I DON'T completely supporting Hollywood for their treatment of INFERNAL AFFAIRS, I fumed just as much everyone else when that moronic announcer called IA a Japanese film during the Oscars (in fact, if the article in THECICAK had focused more of its bile and venom towards that announcer's goof-up, I wouldn't be that annoyed).
I winced when they bought up rights to remake EXILED, wondering what Hollywood director could match Johnnie To's visionary brilliance and technical artistry when remaking a film like that. After all, EXILED is really more a director's film, being so thin on plot and such.
Face it, the reason why Hollywood's churning out so much crap and distribute them internationally is because THEY DO SELL. Don't just blame the filmmakers, blame the consumers too. Who were the ones who helped PEARL HARBOUR make 200 million in the box-office back then? Who were the ones who flocked into the theaters for GHOST RIDER and NORBIT now? Filmmaking is still a business, you know. Hollywood might stop making more shitty movies if the mainstream public stops giving a shit about them.

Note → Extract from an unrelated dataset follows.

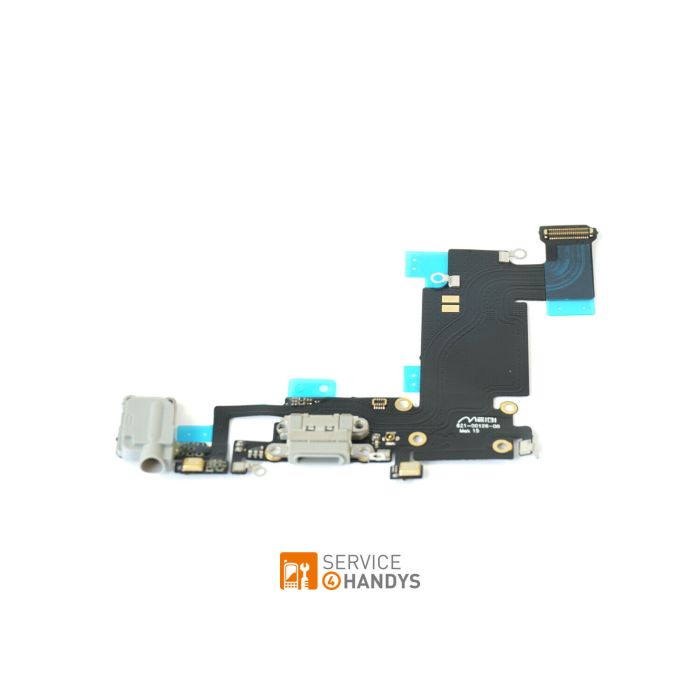 iPhone 6S PLUS Dock Connector Ladebuchse Mikrofon Antenne Audio schwarz/grau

Perhaps my degree in marketing gives me a higher tolerance towards commercialism (I took only a one-year crash course in filmmaking after getting my degree) thus I am not artsy fartsy enough to demand all films to be made entirely for art and nothing else. Otherwise we'll have a film industry like Taiwan's, where commercial films are rare, and they are entirely dominated by your latest Tsai Min Liang film.
Of course, it's ironic that I would come up with something like the previous paragraph, considering that most friends and family had been accusing me of making short films that are too... arty and inaccessible. (it's slightly discouraging when people end up on my blog because they ran a Google search for the audience choice's award winners at MALAYSIAN SHORTS, and not because of my own 'GIRL DISCONNECTED', haha)
But then, maybe I'm just not a guy who like to take sides. And perhaps I'm a guy easily annoyed by fanaticism, generalization, stereotyping, bigotry and extremism.